Continued production and exploration of both gas and oil in the North Sea and the Irish Sea is vital to meet the UK’s energy requirements.
Compared to importing liquified natural gas (LNG), it is obvious that there are massive advantages in domestic gas production, not only from a security angle but also from the 50% lower carbon impact.
A very promising ‘tiddler’
The shares of this £10m capitalised oil and gas company have risen over 75% in the last year and I reckon that they could still more than double in 2022.

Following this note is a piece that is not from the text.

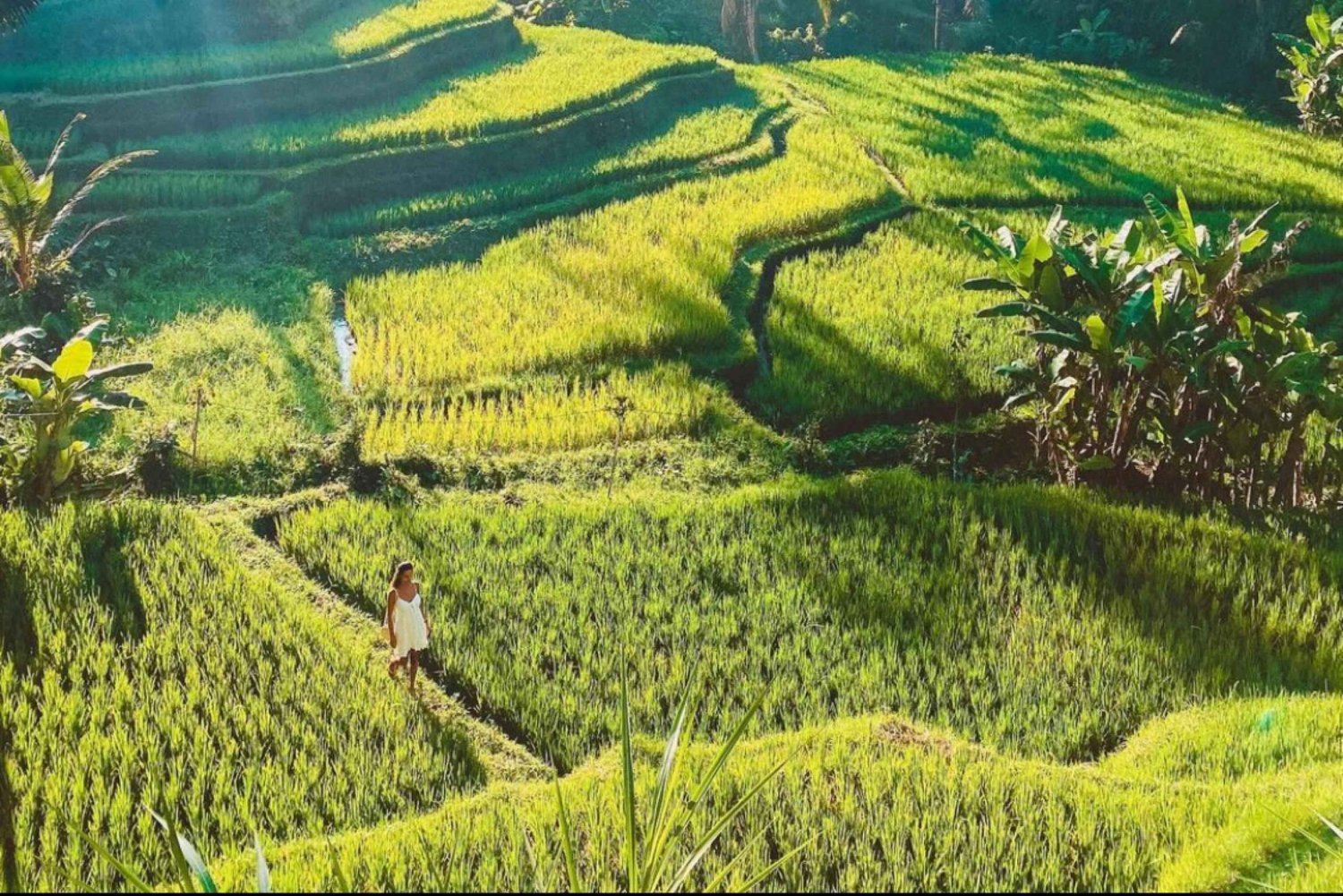 أوبود شرفة الأرز، غابة القرود، جولة خاصة في الشلال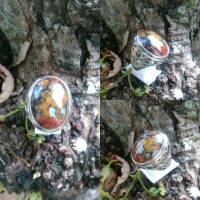 MULTYCOLOR KEMBANG WARNA SEGER JRENG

The upside for this company comes from the potential for its 30% share in the Wressle-1 well situated near Scunthorpe in North Lincolnshire.
Substantially above expectations
A report out late last week suggested that it was capable of producing 1,543 barrels of oil equivalent per day (boepd).
That new figure is 75% higher than the 884 boepd reported in late September last year.
Europa Oil & Gas (Holdings) (LON:EOG) holds a 30% working interest in licences on that oil field, together with the operator Egdon Resources UK (30%) and Union Jack Oil (40%).
Although the company was founded way back in 1995 it has only shown some real promise since 2014 when the Wressle-1 well was drilled and flowed tested a year later.
During testing, a total of 710 barrels of oil equivalent per day were recovered from three separate reservoirs: the Ashover Grit; the Wingfield Flags; and the Penistone Flags.
The company’s interests
Today the company has a diversified portfolio of multi-stage hydrocarbon assets in the UK, Ireland and Morocco.
Situated in countries considered to be politically stable, these assets are at various stages of exploration, development and production.
The company owns a 99% working interest in the West Firsby; a 100% working interest in the Crosby Warren fields; and a 65% working interest in the Whisby-4 oilfields located in the East Midlands.
The company also has the FEL 3/19 and FEL 4/19 exploration licenses in Ireland. Considered as flagship projects, these interests, which are offshore Ireland, are Inishkea and Edge. These two near field gas prospects are in the Slyne Basin.
They are classified as lower risk infrastructure-led exploration due to their close proximity to the producing Corrib gas field and that associated gas processing infrastructure.
In addition, the company holds a 75% interest in the Inezgane Permit situated in offshore Morocco. Initial results of technical work on that permit have identified some 30 prospects and leads that have the potential to hold in excess of one billion barrels of unrisked oil resources.
Equity split identifies large private investor interest
There are 566.5m shares in issue.
The larger holders include BGF Investment Management (11.8%), Hargreaves Lansdown Stockbrokers (8.72%), Jarvis Investment Management (8.40%), Hargreaves Lansdown Asset Management (6.49%), William Ahlefeldt-Laurvig, Dir (6.16%), Bo Kroll (4.52%), IG Markets (2.73%), David Newlands (2.35%), Societe Generale Gestion (1.59%) and HSBC Global Asset Management (UK) (1.40%).
Director of Research Jonathan Wright at brokers finnCap has estimated that the company in the current year to end July will see revenues jump from £1.2m to £5.2m.
That should be good enough to turn the previous loss of £0.8m into an adjusted £1.7m pre-tax profit, generating 0.3p of earnings against a 0.1p loss last year.
The broker has put out a price objective of 7.7p on the group’s shares.
I think that this little ‘penny stock’ is a real winner in the making.
The Wressle-1 production costs are said to be around $18 a barrel. So even taking a range for the year of around $70 a barrel that looks really quite appealing.
But if the Russia/Ukraine situation gets a lot worse it is possible that oil will rise to over $100 a barrel.
The margins look excellent – and that is just the EOG interest in the Wressle-1. It has so many other potentially exciting positions, including a growing geothermal play.
Its interest in Wressle-1 will produce sufficient cashflow this year to help the group to further its interests across its portfolio.
Obviously still highly speculative at the current rates of production, I see these shares which touched 2.2p in March last year and are now just 1.57p, as a cracking punt for investors prepared to take a 2022 view.
As stated earlier, I see them more than doubling in price this year.
Quite confidently, I now set my Target Price at an easy 2.25p a share.